When first built in 1869, Sri Temasek was the residence of the Colonial Secretary of the Straits Settlements (later Colonial Secretary/Chief Secretary of Singapore). All holders of the position had resided in Sri Temasek from 1869 to 1959. It is currently designated as the official residence of the Prime Minister of Singapore since 1959, though none of the past and present holders of the post, Lee Kuan Yew, Goh Chok Tong and Lee Hsien Loong, have lived in it as a family home. In the 1998 book Lee Kuan Yew: The Man and His Ideas, Lee Kuan Yew said that when he became prime minister in 1959, he and his wife Kwa Geok Choo decided not to move into Sri Temasek with their three children, who were then aged seven, five and two, because the couple "did not want them to grow up in such grand surroundings with butlers and orderlies to fuss over their needs". The family did stay there in 1965 for a short time for security reasons when Singapore was expelled from Malaysia. Apart from that, according to a 2000 Straits Times interview with Kwa, the Lee children often played in the grounds of the house in the evening while their father played golf or made use of the practice tee and putting green.

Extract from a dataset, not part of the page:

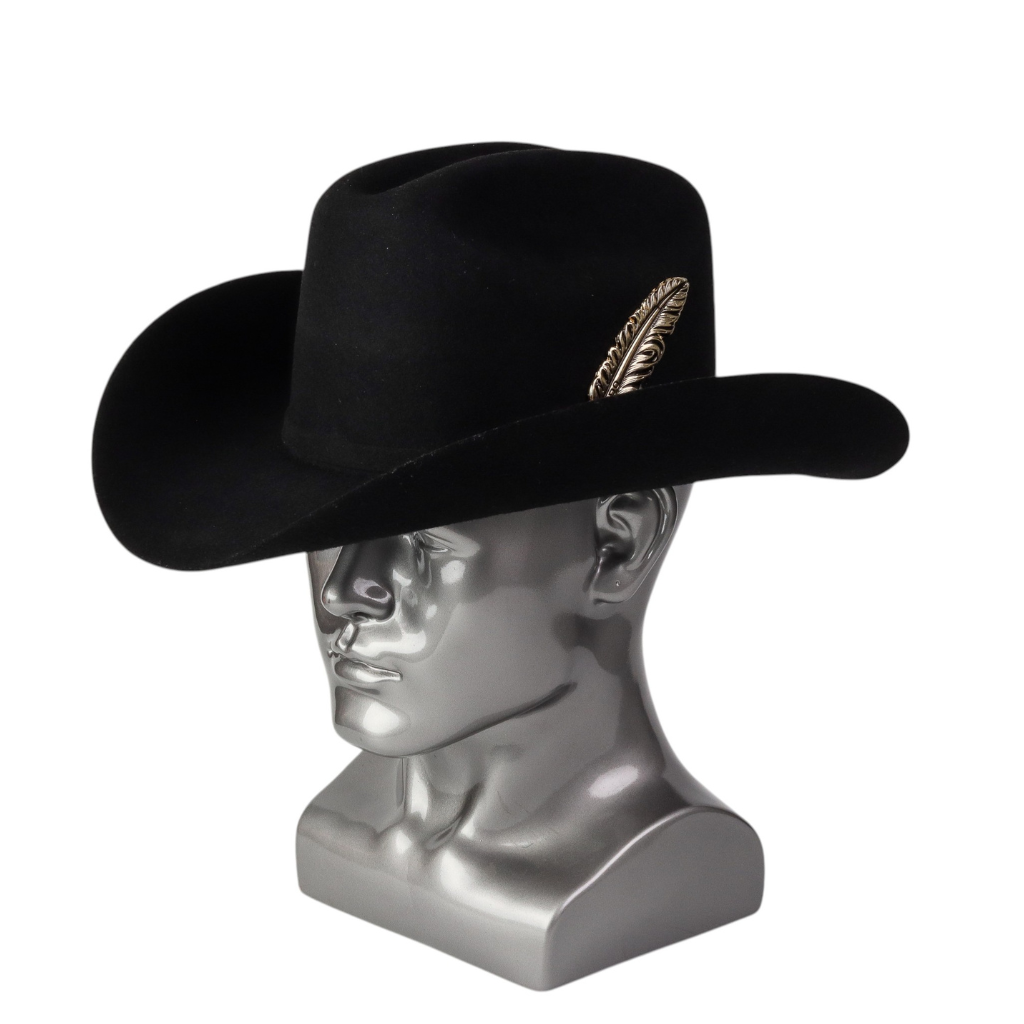 Vista lateral resaltando longitud del ala y estructura firme.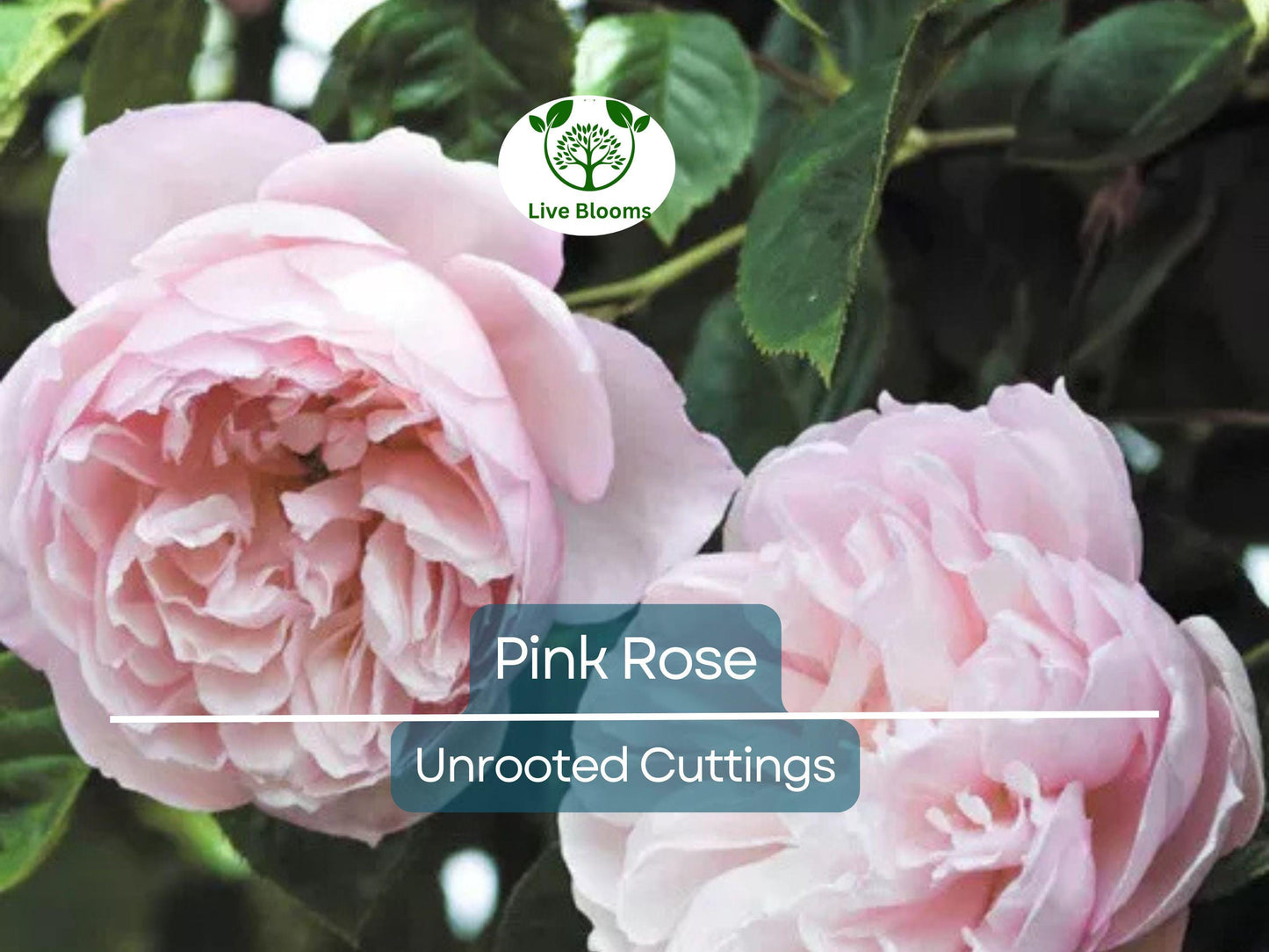 Pink Garden Rose Unrooted Cutting 5-8 Inches | Climbing Rose for Propagation & Garden Planting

Sri Temasek has been used mostly for official functions, particularly in the 1960s and 1970s. Prominent visitors included Tunku Abdul Rahman, the first Prime Minister of Malaysia; Spiro Agnew, the Vice-President of the United States; Indian Prime Minister Indira Gandhi; Denis Healey, British Defence Secretary; and King Hussein of Jordan. Sri Temasek was the venue for a party hosted in 1962 by Lee Kuan Yew to thank trade unionists and civil servants for their help with the referendum on Singapore joining Malaysia, and in 1983 the body of the late Minister for Finance Hon Sui Sen lay in state there. On 8 August 2008, Prime Minister Lee Hsien Loong delivered his National Day message from Sri Temasek for the first time. The wake for Madam Kwa Geok Choo, mother of Prime Minister Lee Hsien Loong and the wife of Singaporean statesman Lee Kuan Yew, was held at Sri Temasek in October 2010. In March 2015, a private family wake for Lee Kuan Yew was held there. Since 2024, Sri Temasek has been the working office of Prime Minister Lawrence Wong due to the ongoing renovations at The Istana.